Fluorescent lectin assay to quantify particulate marine polysaccharides on 96-well filtration plates

Sven Uthicke, Lyndon Llewellyn, Florian Eder

Limnol. Oceanogr. Methods 7:449-458 (2009) | DOI: 10.4319/lom.2009.7.449

ABSTRACT: Our aim was to develop a method to more broadly quantify particulate polysaccharides (PPs) to complement Alcian blue quantification of transparent exopolymer particles (TEPs), which are a subset of the ocean¬ís pool of PPs. We used fluorescently labeled concanavalin A (FITC-conA), which is a lectin (a group of proteins that bind polysaccharides) and propose a method using 96-well filtration plate technology.

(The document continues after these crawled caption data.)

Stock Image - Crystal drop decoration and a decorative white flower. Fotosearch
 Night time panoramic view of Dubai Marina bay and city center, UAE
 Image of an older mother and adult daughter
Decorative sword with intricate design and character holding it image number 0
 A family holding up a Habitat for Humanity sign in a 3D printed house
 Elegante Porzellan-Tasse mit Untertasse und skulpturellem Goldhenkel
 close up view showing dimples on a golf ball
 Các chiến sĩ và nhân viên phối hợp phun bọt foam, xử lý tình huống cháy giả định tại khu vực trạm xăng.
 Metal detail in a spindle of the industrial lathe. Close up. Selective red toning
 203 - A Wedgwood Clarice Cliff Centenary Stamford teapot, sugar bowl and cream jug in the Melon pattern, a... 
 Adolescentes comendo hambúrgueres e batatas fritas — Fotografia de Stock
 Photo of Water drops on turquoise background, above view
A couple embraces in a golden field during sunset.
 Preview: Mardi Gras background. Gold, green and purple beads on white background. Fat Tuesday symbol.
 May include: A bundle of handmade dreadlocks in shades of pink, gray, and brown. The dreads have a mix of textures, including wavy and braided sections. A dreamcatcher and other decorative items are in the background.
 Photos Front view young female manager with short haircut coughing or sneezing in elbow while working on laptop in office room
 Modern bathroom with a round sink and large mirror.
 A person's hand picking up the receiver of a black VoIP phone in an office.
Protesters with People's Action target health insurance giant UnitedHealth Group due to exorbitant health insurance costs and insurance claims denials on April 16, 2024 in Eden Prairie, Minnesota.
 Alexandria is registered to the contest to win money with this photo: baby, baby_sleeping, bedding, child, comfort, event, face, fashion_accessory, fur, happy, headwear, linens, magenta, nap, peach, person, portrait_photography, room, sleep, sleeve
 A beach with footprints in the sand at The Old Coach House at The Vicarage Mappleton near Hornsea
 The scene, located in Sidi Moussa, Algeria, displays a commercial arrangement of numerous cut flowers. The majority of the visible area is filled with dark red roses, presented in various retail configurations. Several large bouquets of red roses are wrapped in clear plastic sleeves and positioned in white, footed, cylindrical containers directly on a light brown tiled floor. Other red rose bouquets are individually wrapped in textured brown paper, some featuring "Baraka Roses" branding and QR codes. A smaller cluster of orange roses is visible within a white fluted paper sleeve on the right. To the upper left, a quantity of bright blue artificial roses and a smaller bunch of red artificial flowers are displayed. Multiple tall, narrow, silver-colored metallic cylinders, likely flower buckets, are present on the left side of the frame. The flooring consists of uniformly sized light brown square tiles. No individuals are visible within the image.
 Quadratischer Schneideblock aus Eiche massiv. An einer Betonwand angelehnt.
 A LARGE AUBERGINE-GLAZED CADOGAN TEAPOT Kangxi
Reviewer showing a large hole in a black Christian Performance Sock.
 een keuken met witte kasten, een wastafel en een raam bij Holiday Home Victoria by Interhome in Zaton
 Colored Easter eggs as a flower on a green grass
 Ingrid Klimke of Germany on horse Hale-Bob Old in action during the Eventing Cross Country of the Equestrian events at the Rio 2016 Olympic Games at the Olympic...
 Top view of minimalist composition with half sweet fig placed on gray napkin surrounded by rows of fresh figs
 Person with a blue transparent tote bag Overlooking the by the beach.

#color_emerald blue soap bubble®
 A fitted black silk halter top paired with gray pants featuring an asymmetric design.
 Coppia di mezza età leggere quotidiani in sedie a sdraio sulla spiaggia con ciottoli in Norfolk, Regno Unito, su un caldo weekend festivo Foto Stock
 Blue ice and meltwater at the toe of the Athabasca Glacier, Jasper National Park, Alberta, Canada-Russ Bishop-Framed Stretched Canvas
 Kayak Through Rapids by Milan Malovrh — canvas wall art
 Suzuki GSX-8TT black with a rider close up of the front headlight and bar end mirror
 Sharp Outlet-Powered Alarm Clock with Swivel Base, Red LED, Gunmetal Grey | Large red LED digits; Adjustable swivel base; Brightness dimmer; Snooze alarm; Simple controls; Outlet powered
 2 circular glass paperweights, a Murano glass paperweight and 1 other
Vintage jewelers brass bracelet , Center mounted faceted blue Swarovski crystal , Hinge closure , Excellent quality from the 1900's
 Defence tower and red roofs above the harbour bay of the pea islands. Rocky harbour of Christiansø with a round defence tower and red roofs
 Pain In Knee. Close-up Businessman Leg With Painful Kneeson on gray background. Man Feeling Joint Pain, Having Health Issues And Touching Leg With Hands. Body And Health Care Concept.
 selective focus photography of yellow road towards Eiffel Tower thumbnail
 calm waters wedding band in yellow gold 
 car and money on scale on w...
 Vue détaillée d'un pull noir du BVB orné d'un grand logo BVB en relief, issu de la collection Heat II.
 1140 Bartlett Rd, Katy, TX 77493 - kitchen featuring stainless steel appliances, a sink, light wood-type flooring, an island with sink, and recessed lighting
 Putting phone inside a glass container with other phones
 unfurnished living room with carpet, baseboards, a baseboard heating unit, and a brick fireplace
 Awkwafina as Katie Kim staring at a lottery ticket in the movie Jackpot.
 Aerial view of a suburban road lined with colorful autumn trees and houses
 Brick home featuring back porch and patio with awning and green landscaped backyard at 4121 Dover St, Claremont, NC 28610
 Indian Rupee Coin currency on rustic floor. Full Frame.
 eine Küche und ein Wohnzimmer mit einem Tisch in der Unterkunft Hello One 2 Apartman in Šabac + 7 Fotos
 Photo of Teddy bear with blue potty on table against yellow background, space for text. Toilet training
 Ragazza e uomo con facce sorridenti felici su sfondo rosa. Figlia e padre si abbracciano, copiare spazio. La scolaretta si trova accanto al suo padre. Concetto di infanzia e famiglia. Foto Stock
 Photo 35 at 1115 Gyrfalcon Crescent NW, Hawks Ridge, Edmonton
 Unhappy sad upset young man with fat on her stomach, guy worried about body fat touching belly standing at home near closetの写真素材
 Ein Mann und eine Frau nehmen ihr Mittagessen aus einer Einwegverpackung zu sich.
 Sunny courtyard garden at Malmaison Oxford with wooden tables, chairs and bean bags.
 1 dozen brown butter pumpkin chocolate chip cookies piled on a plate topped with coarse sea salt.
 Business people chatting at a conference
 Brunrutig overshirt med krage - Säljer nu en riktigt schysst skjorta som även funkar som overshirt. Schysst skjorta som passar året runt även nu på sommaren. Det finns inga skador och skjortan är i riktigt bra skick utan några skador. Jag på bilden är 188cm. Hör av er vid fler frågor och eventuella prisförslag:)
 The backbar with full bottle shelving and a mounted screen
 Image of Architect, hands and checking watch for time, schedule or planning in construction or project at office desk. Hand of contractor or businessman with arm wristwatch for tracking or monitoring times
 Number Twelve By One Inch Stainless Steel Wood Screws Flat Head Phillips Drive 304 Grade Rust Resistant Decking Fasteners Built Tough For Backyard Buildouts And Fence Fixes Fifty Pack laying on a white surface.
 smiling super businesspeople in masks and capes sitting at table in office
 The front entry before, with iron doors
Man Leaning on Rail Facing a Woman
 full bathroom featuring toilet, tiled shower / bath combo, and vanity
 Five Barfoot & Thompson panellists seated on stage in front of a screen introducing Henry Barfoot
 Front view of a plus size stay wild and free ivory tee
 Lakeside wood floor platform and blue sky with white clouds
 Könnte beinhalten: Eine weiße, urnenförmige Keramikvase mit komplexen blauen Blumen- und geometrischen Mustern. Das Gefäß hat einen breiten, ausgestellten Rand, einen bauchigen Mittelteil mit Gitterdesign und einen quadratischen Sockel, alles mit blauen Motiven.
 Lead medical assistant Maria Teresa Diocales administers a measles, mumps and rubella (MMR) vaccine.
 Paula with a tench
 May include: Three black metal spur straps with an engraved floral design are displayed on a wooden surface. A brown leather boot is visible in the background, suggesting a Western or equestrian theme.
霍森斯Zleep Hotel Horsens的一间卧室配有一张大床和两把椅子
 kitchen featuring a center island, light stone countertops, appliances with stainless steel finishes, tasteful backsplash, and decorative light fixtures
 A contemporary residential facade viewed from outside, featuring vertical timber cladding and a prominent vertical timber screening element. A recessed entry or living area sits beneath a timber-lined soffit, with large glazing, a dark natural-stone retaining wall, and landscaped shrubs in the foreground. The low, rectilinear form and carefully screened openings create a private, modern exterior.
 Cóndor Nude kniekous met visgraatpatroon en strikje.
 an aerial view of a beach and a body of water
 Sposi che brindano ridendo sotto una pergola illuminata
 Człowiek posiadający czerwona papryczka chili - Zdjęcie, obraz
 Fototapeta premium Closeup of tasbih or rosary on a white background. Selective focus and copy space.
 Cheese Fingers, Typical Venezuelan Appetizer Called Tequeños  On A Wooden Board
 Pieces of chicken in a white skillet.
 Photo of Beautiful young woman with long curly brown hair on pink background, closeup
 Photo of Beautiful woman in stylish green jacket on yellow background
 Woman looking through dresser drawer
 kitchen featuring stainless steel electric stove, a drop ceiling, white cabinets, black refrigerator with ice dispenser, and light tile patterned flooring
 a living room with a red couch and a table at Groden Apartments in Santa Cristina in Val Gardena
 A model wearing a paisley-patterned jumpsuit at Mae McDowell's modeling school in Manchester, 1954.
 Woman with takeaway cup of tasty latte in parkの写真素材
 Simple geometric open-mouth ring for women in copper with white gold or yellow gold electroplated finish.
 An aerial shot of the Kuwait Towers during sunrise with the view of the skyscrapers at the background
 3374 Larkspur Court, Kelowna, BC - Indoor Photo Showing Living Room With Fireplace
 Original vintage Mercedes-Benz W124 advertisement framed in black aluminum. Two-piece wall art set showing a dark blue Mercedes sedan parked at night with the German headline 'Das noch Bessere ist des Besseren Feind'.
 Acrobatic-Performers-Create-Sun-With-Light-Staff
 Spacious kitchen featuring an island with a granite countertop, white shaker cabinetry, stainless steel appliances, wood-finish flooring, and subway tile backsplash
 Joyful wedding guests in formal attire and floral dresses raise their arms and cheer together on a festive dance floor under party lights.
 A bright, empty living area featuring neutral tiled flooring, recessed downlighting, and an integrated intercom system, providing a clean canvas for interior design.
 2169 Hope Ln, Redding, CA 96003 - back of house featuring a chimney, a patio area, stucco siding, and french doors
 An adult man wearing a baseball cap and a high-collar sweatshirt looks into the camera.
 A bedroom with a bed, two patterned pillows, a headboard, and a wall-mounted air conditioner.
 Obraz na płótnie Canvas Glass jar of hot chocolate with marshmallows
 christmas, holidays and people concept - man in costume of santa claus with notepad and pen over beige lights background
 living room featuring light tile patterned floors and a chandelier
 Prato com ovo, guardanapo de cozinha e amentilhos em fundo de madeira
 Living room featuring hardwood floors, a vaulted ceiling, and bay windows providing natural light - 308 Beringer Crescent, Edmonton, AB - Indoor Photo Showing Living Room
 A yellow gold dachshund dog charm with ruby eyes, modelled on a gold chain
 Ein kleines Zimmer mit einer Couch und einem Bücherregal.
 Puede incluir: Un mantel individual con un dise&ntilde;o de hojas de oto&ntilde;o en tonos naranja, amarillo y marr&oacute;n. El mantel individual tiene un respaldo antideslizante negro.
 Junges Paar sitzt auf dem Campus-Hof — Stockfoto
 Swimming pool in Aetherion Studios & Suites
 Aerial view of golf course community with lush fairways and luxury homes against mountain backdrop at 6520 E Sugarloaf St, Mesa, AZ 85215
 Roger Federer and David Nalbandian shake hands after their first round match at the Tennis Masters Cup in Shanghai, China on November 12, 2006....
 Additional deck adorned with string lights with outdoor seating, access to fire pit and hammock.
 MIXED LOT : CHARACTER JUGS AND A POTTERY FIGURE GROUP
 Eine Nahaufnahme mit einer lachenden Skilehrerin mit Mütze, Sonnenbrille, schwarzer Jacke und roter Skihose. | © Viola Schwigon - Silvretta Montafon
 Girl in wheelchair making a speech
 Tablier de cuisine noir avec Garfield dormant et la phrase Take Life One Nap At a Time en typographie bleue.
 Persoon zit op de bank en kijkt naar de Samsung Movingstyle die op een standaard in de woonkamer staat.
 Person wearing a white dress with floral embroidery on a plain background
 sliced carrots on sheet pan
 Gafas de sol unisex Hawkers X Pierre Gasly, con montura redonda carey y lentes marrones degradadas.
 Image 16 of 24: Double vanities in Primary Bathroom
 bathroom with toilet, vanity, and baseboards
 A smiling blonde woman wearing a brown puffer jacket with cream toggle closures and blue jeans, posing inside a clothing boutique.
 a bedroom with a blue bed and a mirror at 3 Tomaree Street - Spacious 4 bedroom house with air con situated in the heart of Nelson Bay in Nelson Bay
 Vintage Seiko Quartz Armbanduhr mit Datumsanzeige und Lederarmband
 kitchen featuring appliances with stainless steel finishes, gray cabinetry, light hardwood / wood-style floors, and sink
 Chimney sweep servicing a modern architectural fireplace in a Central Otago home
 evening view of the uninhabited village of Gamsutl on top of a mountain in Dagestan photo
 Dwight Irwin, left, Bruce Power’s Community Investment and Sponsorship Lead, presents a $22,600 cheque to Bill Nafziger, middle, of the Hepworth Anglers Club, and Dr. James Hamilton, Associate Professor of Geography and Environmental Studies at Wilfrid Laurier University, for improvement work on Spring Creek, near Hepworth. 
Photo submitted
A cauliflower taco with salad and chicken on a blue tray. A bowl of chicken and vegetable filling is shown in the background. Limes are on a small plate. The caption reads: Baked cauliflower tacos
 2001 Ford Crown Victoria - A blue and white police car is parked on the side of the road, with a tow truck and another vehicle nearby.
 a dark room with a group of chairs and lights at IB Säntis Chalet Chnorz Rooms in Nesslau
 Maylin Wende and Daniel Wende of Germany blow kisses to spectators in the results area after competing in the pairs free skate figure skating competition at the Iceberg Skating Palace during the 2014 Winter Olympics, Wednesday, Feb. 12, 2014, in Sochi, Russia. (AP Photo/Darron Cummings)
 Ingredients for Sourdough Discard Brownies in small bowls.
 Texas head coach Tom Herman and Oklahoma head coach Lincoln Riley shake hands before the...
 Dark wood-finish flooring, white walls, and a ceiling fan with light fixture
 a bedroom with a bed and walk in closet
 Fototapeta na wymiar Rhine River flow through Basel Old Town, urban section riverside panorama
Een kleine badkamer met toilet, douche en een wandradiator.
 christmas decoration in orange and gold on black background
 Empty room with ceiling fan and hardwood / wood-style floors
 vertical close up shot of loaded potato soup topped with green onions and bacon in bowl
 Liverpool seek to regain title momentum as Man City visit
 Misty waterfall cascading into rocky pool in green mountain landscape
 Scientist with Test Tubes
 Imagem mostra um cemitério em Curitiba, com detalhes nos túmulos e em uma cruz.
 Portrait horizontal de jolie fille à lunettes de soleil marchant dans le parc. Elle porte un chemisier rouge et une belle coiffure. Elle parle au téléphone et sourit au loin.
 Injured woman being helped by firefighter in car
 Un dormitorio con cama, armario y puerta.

ConA binds polysaccharides that contain the commonly occurring saccharides glucose and mannose. Using gum xanthan as a standard and field samples from the Great Barrier Reef (GBR), we demonstrated that marine particles (>0.4 µm) bound FITC-conA in a concentration-dependent manner. Particulate polysaccharides measured by FITC-conA and Alcian blue (TEP only) in samples from 11 locations in the GBR were significantly correlated (R2 = 0.61, P = 0.003). The lectin-based measurements were on average 80% higher, probably because Alcian blue stains acidic polysaccharides only, whereas lectins stain a broader polysaccharide spectrum. FITC-conA measurements of PPs in the wet season were on average 54% higher than in the dry season. PP concentrations correlated to concentrations of chlorophyll a, pheophytin, and particulate nitrogen, suggesting phytoplankton as an important source of PPs. Small volumes and few working steps enabled miniaturization of the FITC-conA protocol into a 96-well plate format, which provides for rapid sample throughput. In addition, there is extensive scope for further development using different lectins, naturally sourced standards, or filter size and capacity.